I have an application that sends data based on user interaction (not user input). The data sent could be an Integer, String, Date, or Boolean value. There are 140 keys. We may get anywhere from 1 key value pair to all 140 at a time.
We want to store everything but will only be using 20 out of 140 keys within the application. The remaining will be used for an audit trail later on - so we still need to store them.

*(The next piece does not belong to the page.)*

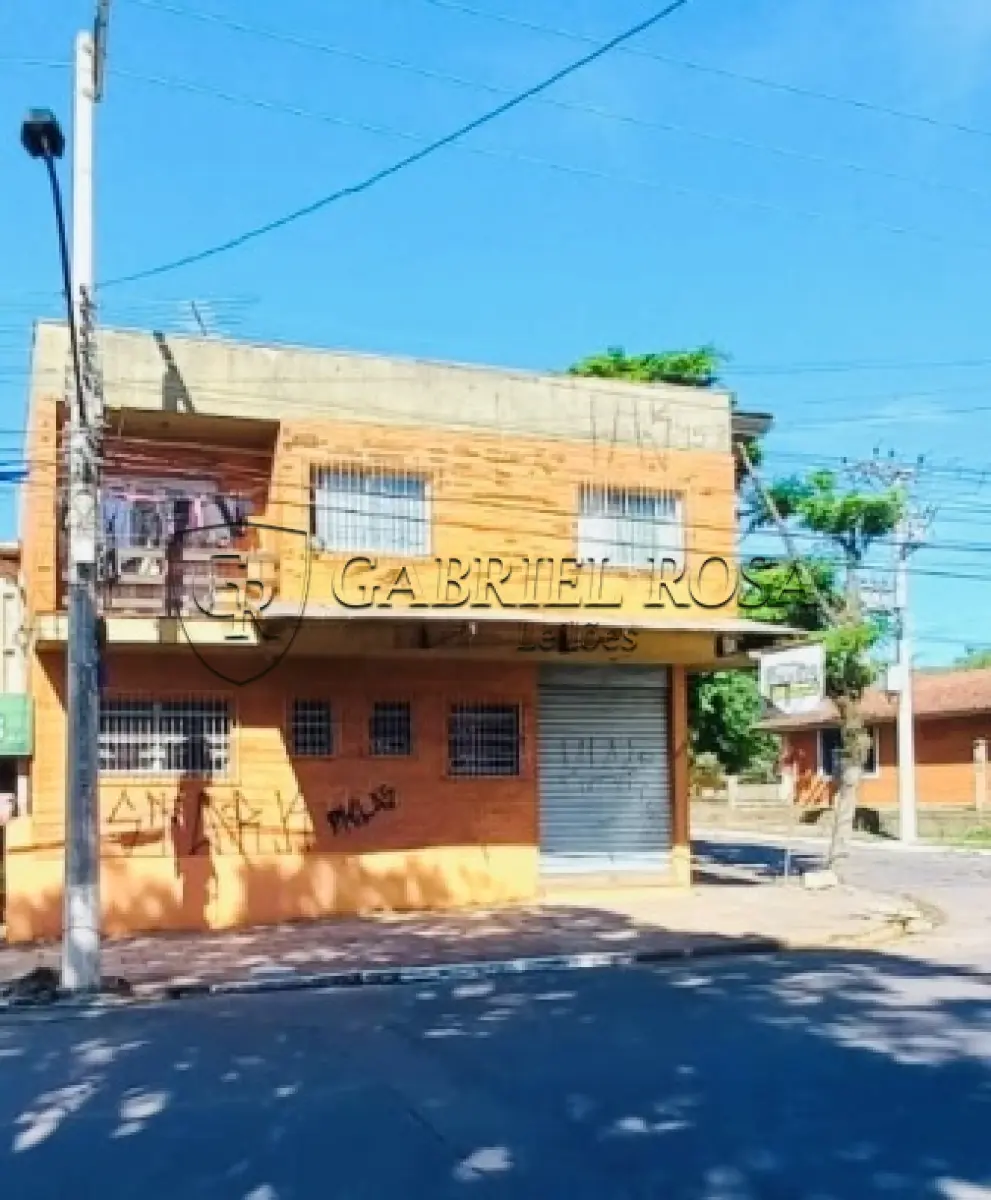 LOTE 007 - UM PRÉDIO DE ALVENARIA COM DOIS PISOS COM ÁREA TOTAL DE 314,00M2, LOCALIZADO NA RUA PORTÃO Nº 2676, BAIRRO BELA VISTA EM ESTÂNCIA VELHA/RS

This data is used by the application to decide where the user needs to go so it needs to access the record by student id and pull the 20 or so options within milliseconds. There could be billions of rows of data (it is an upgrade to an existing application with over 20,000 users) so performance is critical. The user generates a new row each time they access the application.
EXAMPLE DATA:
Score:1
ID:3212
IsLast:False
Action:Completed
I have 2 ideas on how to do this and looking for some help on which is best or is a third option a better choice.
OPTION 1:
My first idea is to use a column for the value as a string then have a look-up table of possible data types to use when the value needs to be Cast for use.
value | dataType
-----------------------
"1" | int
"Completed" | string
While the data being sent is not user generated I know there must be a gotcha somewhere in this method. The only reason for doing this is that we don't know what key:pair will be sent (outside of date and id) and trying to avoid more than a few columns.
The SO Question How to Handle Unknown Data Type in one Table uses a similar idea.
OPTION 2:
The other solution is to have 140 columns - one for each key. However, the amount of data generated is very large (billions of rows) so that calling this data will not be fast enough - I don't think.
Technical Details: This is using SQL Server 2008 - not R2 with DotNet C# and Reporting Services.
Am I missing something here - what is the best way to create this table for performance?